→ **TASK INSTRUCTIONS**:
Leave the pictures behind and reproduce every line of the listing exactly.

→ **PROVIDED RECORDS**:

»»

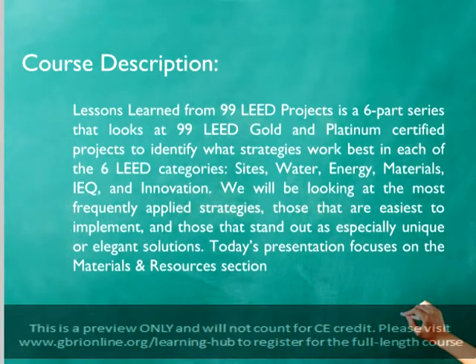Lessons Learned from 99 LEED Projects is a six-part series that looks at 99 LEED Gold and Platinum-certified projects to identify what strategies will best satisfy the credit requirements in each of the six LEED categories: Sustainable Sites, Water Efficiency, Energy and Atmosphere, Materials and Resources, Indoor Environmental Quality, and Innovation and Design.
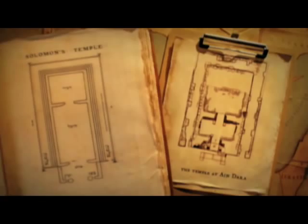Here you see the Ain Dara Temple side by side with the plan for Solomon's Temple. And that plan is based on the biblical description.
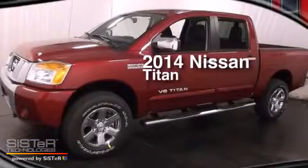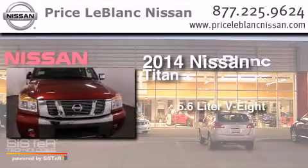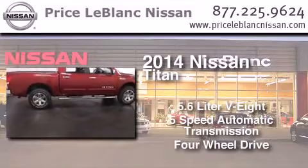This is a brand new 2014 Nissan Titan. It has a 5.6 liter 8-cylinder engine, a 5-speed automatic transmission, and the added capability of 4-wheel drive.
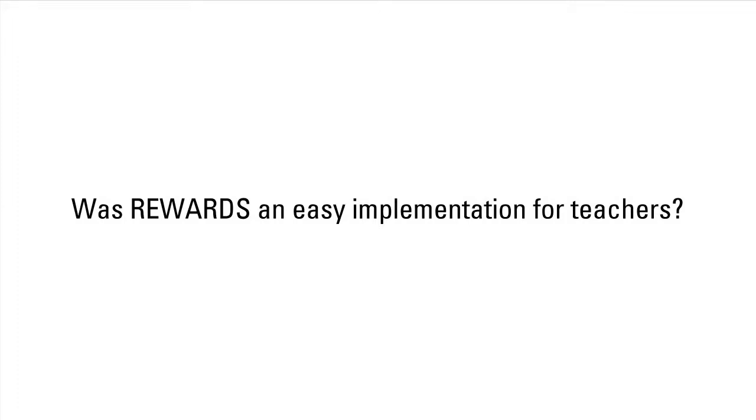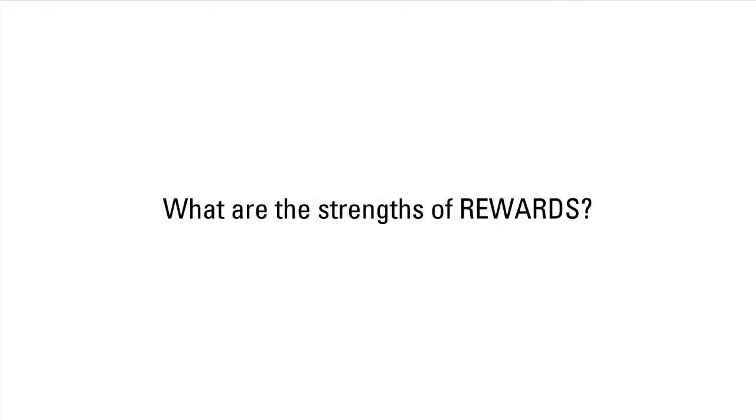This program is awesome. We really enjoyed it, and I found that the program — you can walk in, open up the book, and be able to teach it. It's very, very user-friendly. I think it's actually helped them to better read on their own, to be able to figure out vocabulary whether it's in science or history or reading. They're able to take the skills that they learned in the Rewards program and implement them in everything that we do.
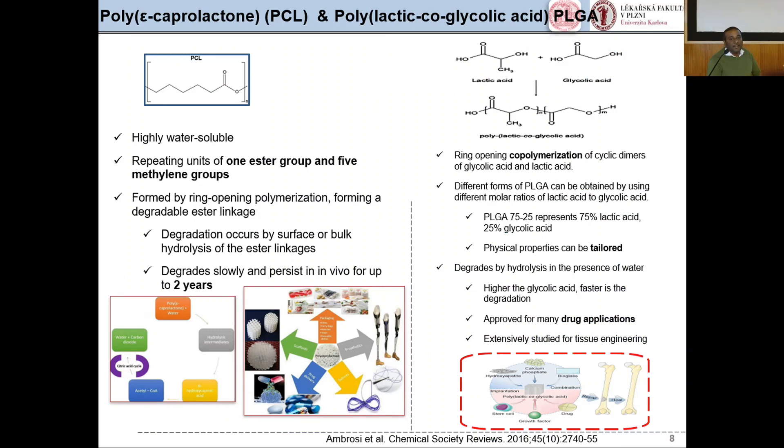The synthetic polymers used in my project include, first, PCL — poly-ε-caprolactone — which is highly water-soluble, having repeated units of one ester group and five methylene groups, formed by ring-opening polymerization. Degradation occurs by surface or bulk hydrolysis of the ester linkage, converting PCL via hydrolysis to ε-hydroxycaproic acid, which then enters the acetyl-CoA pathway. PCL is also widely studied for applications in drug delivery, packing material, prosthetics, and sutures.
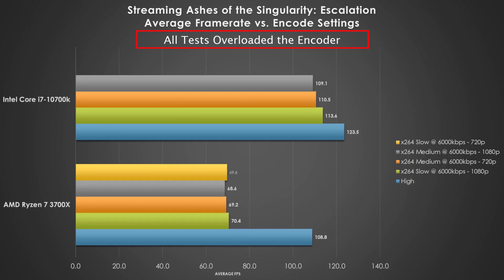Lastly, how does streaming handle a CPU-bound benchmark? Well, Ashes of the Singularity Escalation performs like hot garbage. The viewer is going to yell at you nonstop if you play this on stream, even at X264 slow at 720p. Don't run this game when you're streaming.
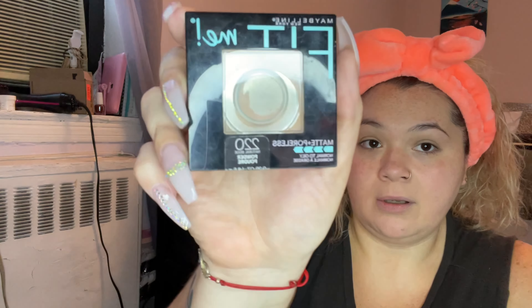Then I go over it with a little bit of Maybelline Fit Me Matte and Poreless powder. In winter I use shade 220 Natural Beige in both the foundation and the powder. I just take a little bit and dab it on with a powder brush — this is an ELF one I always get. ELF has good brushes and they're not expensive. Like I said, I don't like to look cakey so I use the littlest amount.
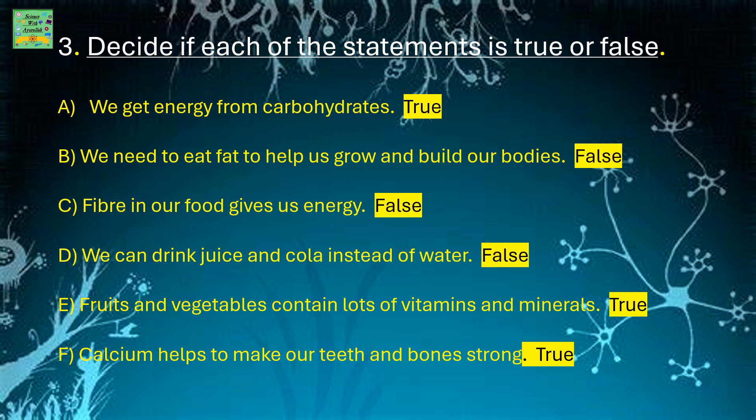Decide if each of these statements are true or false. We get energy from carbohydrates — true. We need to eat fat to help us grow and build our bodies — false. Fiber in our food gives us energy — false.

««

→ **RESULT OF THE EXERCISE**:
Lessons Learned from 99 LEED Projects is a six-part series that looks at 99 LEED Gold and Platinum-certified projects to identify what strategies will best satisfy the credit requirements in each of the six LEED categories: Sustainable Sites, Water Efficiency, Energy and Atmosphere, Materials and Resources, Indoor Environmental Quality, and Innovation and Design.
Here you see the Ain Dara Temple side by side with the plan for Solomon's Temple. And that plan is based on the biblical description.
This is a brand new 2014 Nissan Titan. It has a 5.6 liter 8-cylinder engine, a 5-speed automatic transmission, and the added capability of 4-wheel drive.
This program is awesome. We really enjoyed it, and I found that the program — you can walk in, open up the book, and be able to teach it. It's very, very user-friendly. I think it's actually helped them to better read on their own, to be able to figure out vocabulary whether it's in science or history or reading. They're able to take the skills that they learned in the Rewards program and implement them in everything that we do.
The synthetic polymers used in my project include, first, PCL — poly-ε-caprolactone — which is highly water-soluble, having repeated units of one ester group and five methylene groups, formed by ring-opening polymerization. Degradation occurs by surface or bulk hydrolysis of the ester linkage, converting PCL via hydrolysis to ε-hydroxycaproic acid, which then enters the acetyl-CoA pathway. PCL is also widely studied for applications in drug delivery, packing material, prosthetics, and sutures.
Lastly, how does streaming handle a CPU-bound benchmark? Well, Ashes of the Singularity Escalation performs like hot garbage. The viewer is going to yell at you nonstop if you play this on stream, even at X264 slow at 720p. Don't run this game when you're streaming.
Then I go over it with a little bit of Maybelline Fit Me Matte and Poreless powder. In winter I use shade 220 Natural Beige in both the foundation and the powder. I just take a little bit and dab it on with a powder brush — this is an ELF one I always get. ELF has good brushes and they're not expensive. Like I said, I don't like to look cakey so I use the littlest amount.
Decide if each of these statements are true or false. We get energy from carbohydrates — true. We need to eat fat to help us grow and build our bodies — false. Fiber in our food gives us energy — false.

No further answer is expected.